▶ _WORK TO BE COMPLETED_
Exactly the lines from the one with "Наручные часы Casio G-Shock GMA-S2100BS-7A" through the end of the records below are needed, minus any pictures.

▶ _TASK INPUT_

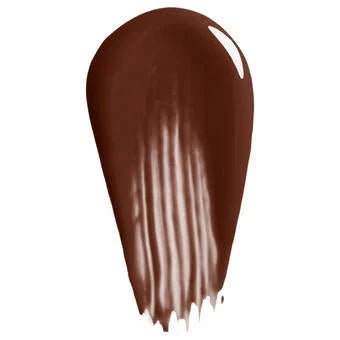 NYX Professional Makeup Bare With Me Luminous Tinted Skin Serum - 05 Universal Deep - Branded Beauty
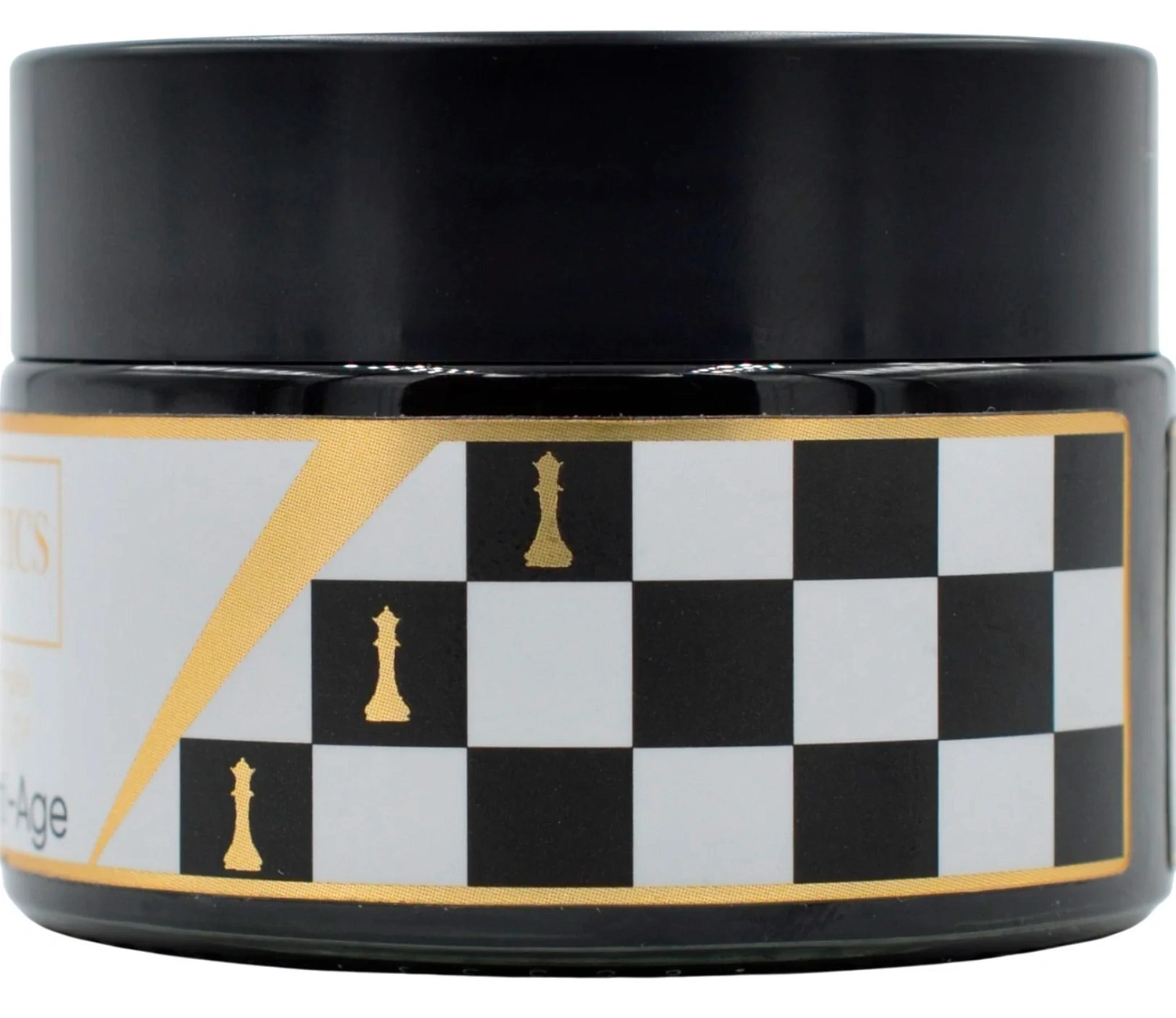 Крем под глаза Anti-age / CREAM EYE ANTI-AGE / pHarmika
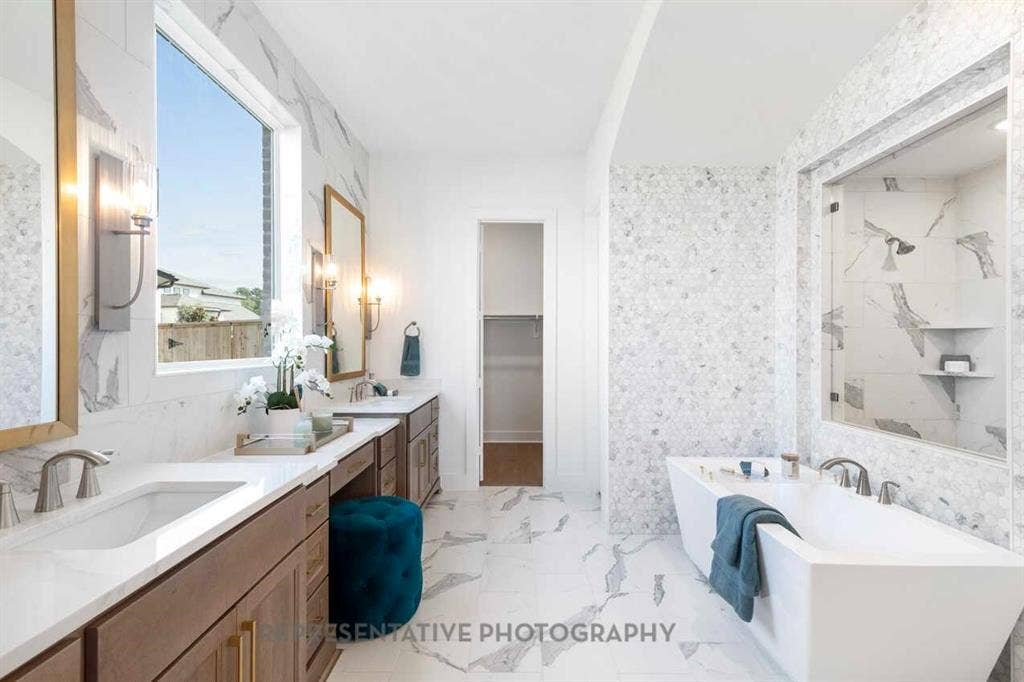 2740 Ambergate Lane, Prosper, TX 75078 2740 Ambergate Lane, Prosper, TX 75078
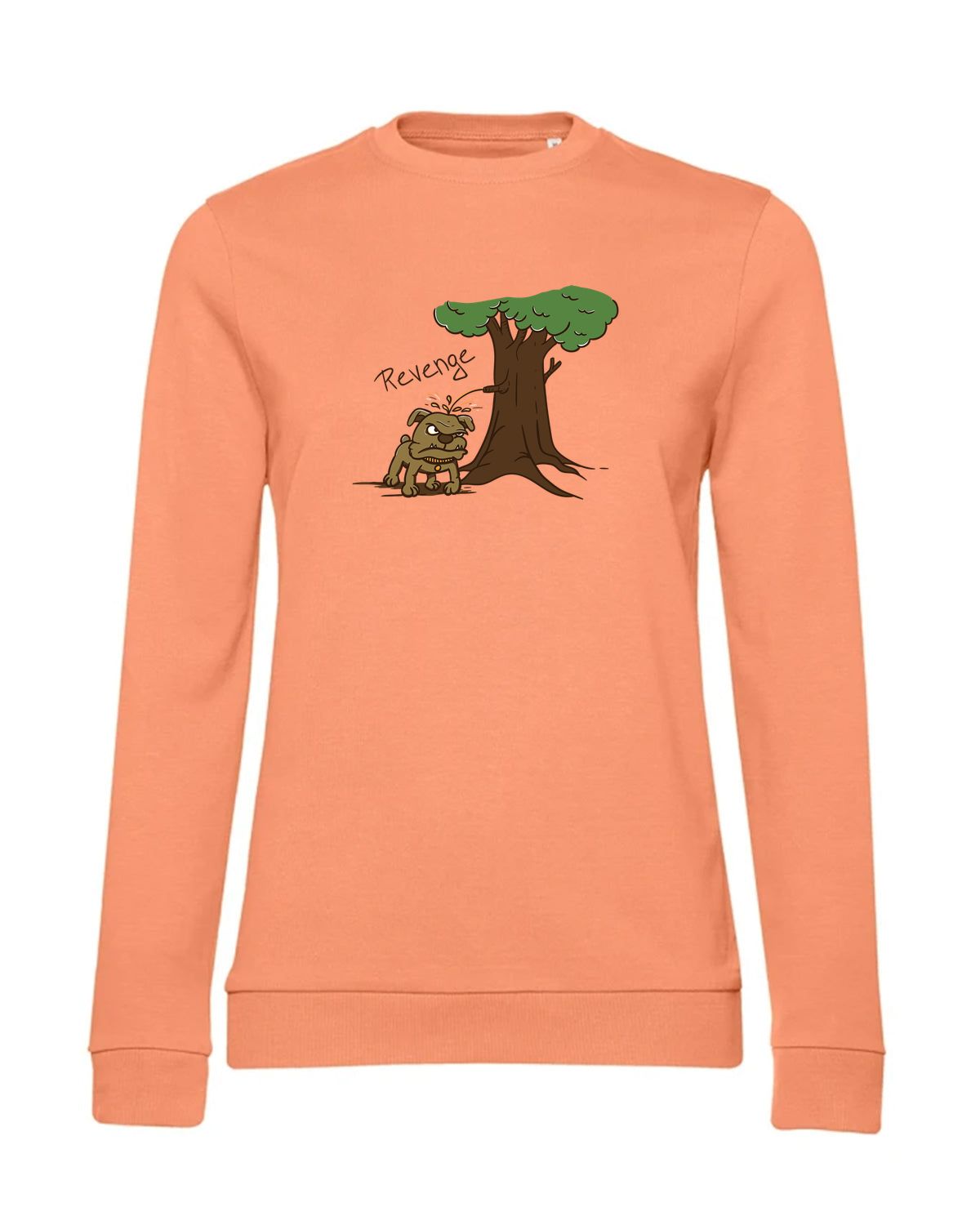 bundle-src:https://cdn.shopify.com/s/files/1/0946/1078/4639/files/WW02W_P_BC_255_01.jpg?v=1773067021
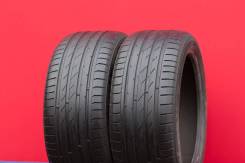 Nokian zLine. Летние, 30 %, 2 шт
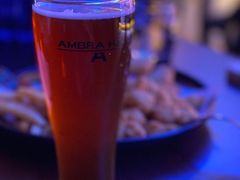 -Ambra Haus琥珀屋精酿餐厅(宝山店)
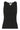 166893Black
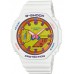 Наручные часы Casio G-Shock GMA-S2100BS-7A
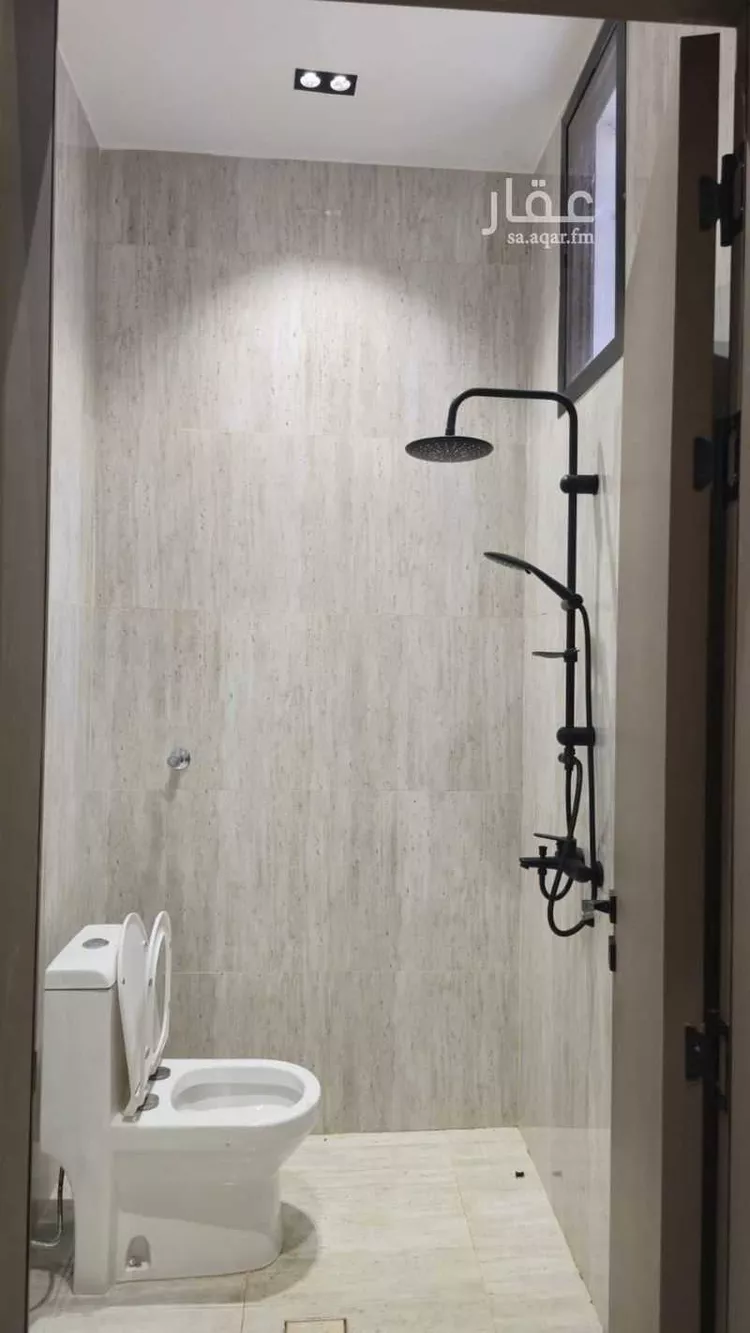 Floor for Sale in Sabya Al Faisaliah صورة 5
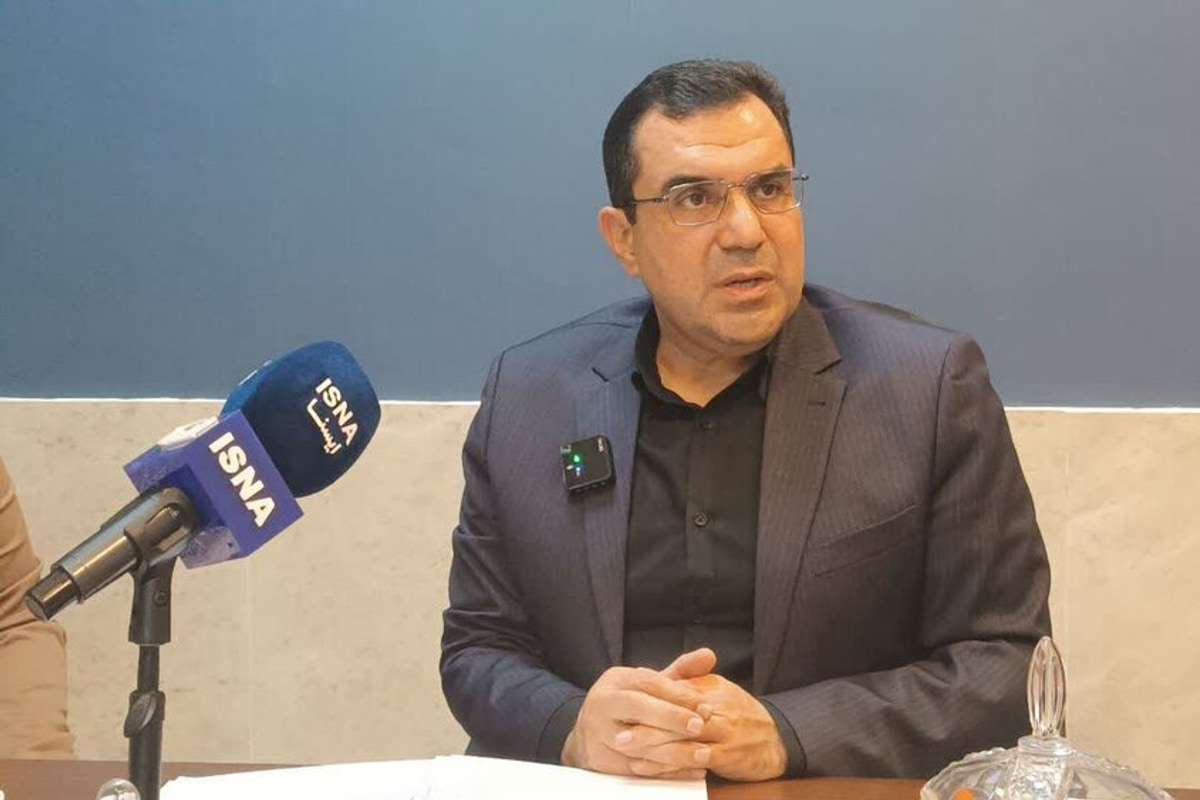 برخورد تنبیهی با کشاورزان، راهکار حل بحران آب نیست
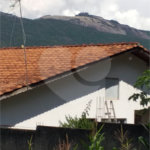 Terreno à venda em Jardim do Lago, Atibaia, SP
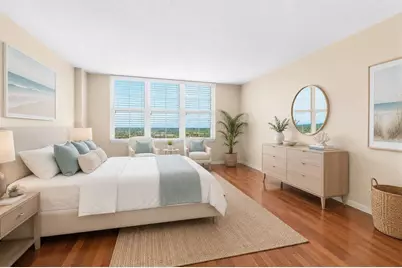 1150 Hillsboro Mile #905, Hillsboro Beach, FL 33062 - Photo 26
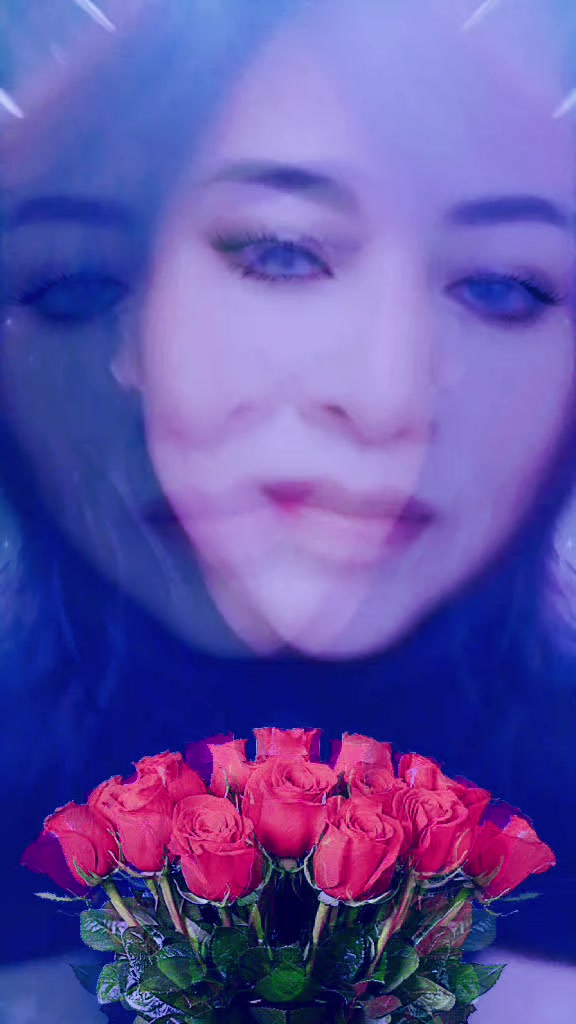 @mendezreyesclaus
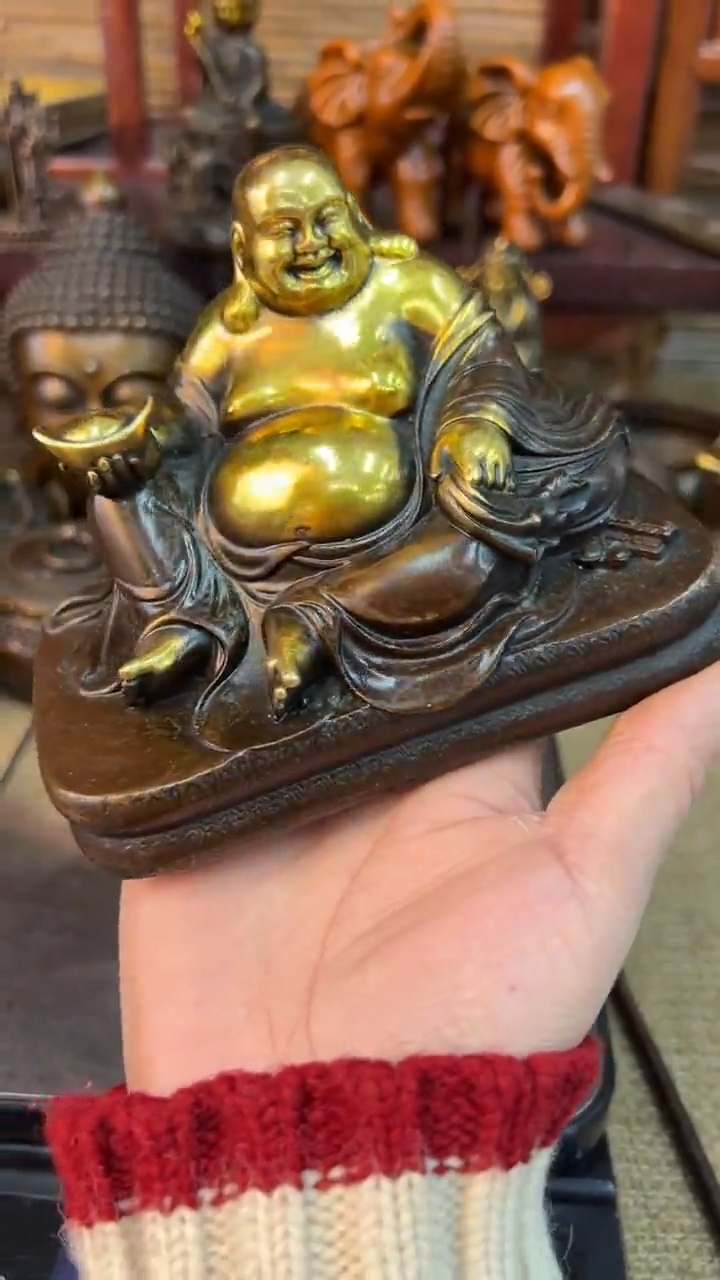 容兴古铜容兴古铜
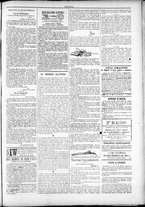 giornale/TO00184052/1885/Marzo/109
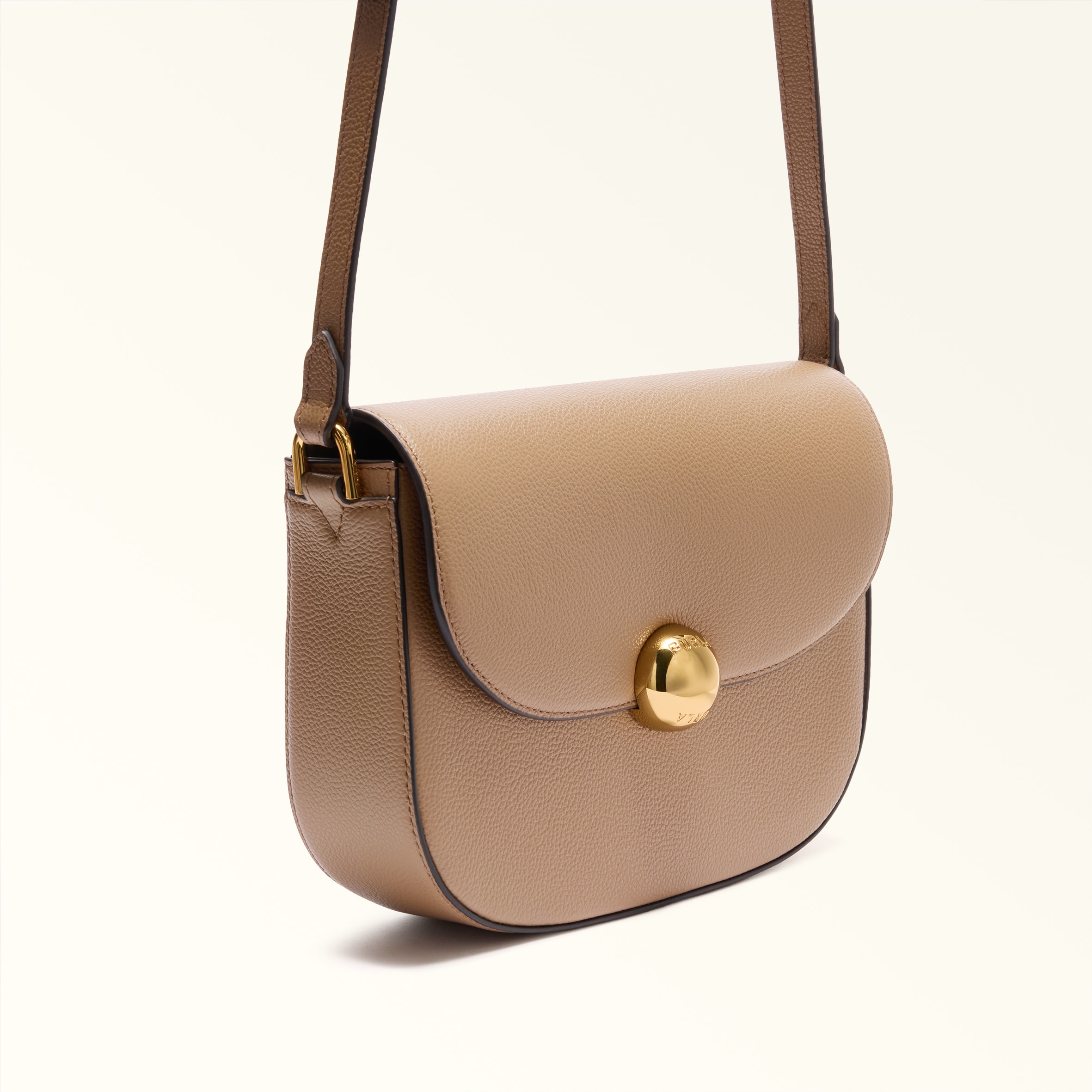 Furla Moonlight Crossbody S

▶ _COMPLETED TASK_
 Наручные часы Casio G-Shock GMA-S2100BS-7A
 Floor for Sale in Sabya Al Faisaliah صورة 5
 برخورد تنبیهی با کشاورزان، راهکار حل بحران آب نیست
 Terreno à venda em Jardim do Lago, Atibaia, SP
 1150 Hillsboro Mile #905, Hillsboro Beach, FL 33062 - Photo 26
 @mendezreyesclaus
 容兴古铜容兴古铜
 giornale/TO00184052/1885/Marzo/109
 Furla Moonlight Crossbody S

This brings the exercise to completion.